Data Projects

I am also an avid programmer and a student of data science. I first became interested in Machine Learning techniques when I took part in the Erdos Institute Data Bootcamp in 2020. My team won first place out of twenty-six teams in the final-project competition at the end of the bootcamp.

I have encorporated many of these techniques in my research. More recently I have dived into the world of Deep Learning by exploring datasets and notebooks on Kaggle and have even tried my hand at competitions. Check out some of my projects below!

Sudoku Solver

Links: GitHub repository, App

Created an application to solve a Sudoku puzzle correctly given its image as input.
Wrote a custom pipeline which processes the image, identifies the filled digits using OCR and a neural network and produces a solution.
Deployed a Docker containerized Dash/Plotly app to Google Cloud (GCP).

Bookend- guess the author

Links: GitHub repository

Trained an ensemble classifier model on books scraped from project Gutenberg which can predict the authorship of a snippet of text with a 93% accuracy.
Led a team of four and was responsible for dividing tasks and establishing a GitHub-based workflow to maximize productivity.
Extracted text features and implemented a bag-of-words model which gave the highest prediction accuracy score (85%) among the models considered.
Presented the results to judges from industry and others in a short video format.
Team won first place among twenty-six teams at the Erdos Institute Data Science Bootcamp (2020).

BreweryXplorer- explore breweries in the US

Links: GitHub repository, Dashboard

Designed and deployed an interactive web app that lets users browse and search 3000+ breweries and pubs in the United States.
Scraped and cleaned unstructured brewery data gathered from Wikipedia and other web sources.
Designed an interactive Dashboard using Dash/Plotly which was deployed to Heroku.
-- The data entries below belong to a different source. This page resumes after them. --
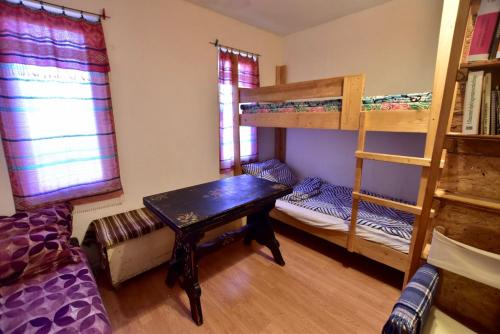 Poschodová posteľ alebo postele v izbe v ubytovaní Igricz Farmház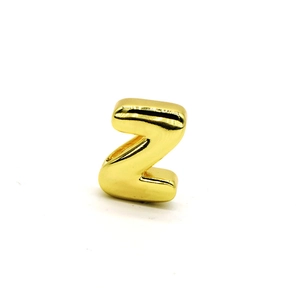Detailed macro view of a glossy gold metal letter Z bead for custom jewelry making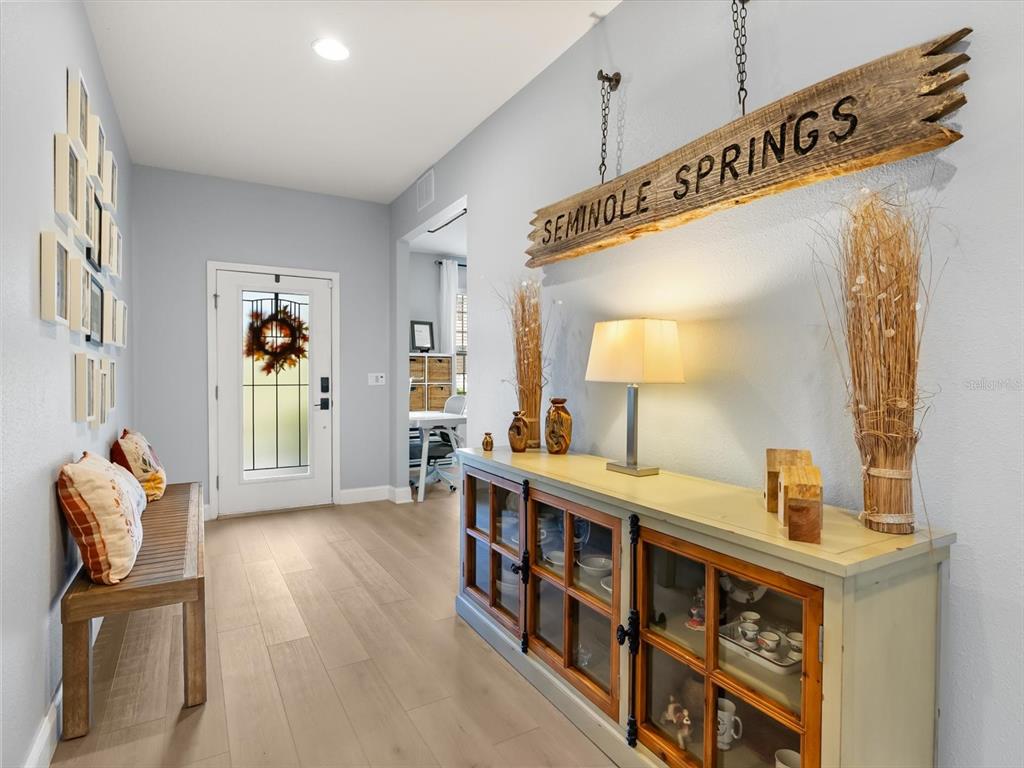 30021 Donnington Loop Mount Dora, FL 32757 - Photo 4 of 40 a living room with furniture and a wooden floor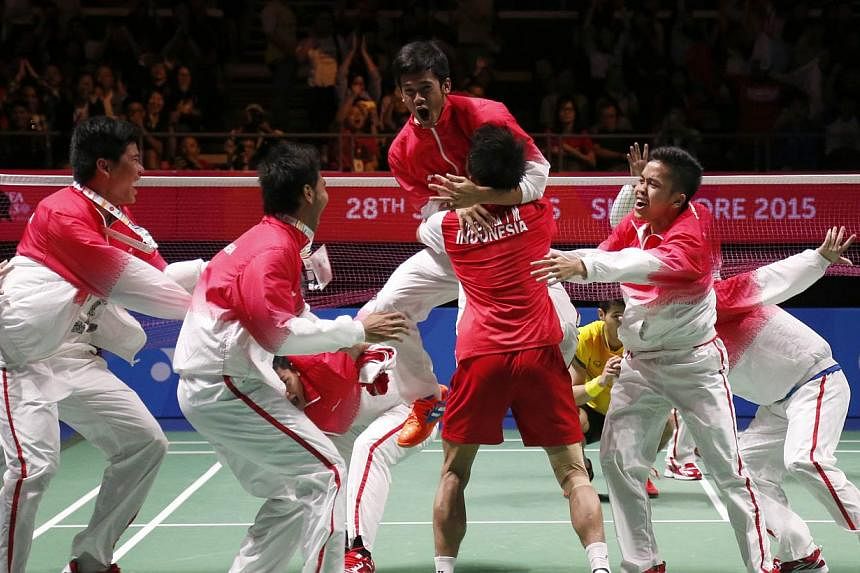 The Indonesia team celebrating on court after they beat Thailand in the badminton men's team final on June 12, 2015. -- PHOTO: SINGAPORE SEA GAMES ORGANISING COMMITTEE/ACTION IMAGES VIA REUTERS&nbsp;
IMDB movie reviews- good, bad or meh?

Links: Kaggle kernel

The dataset from Kaggle contains 50,000 movie reviews labelled according to the sentiment.
Trained a neural network to predict if a given movie review is “positive” or “negative”.
Used a word2vec model trained on the reviews to generate semantic word embeddings which were used as features to a neural network.
Model achieved 87% accuracy.
This can be used for sentiment analysis of other text data such as restaurant reviews, tweets, news articles etc.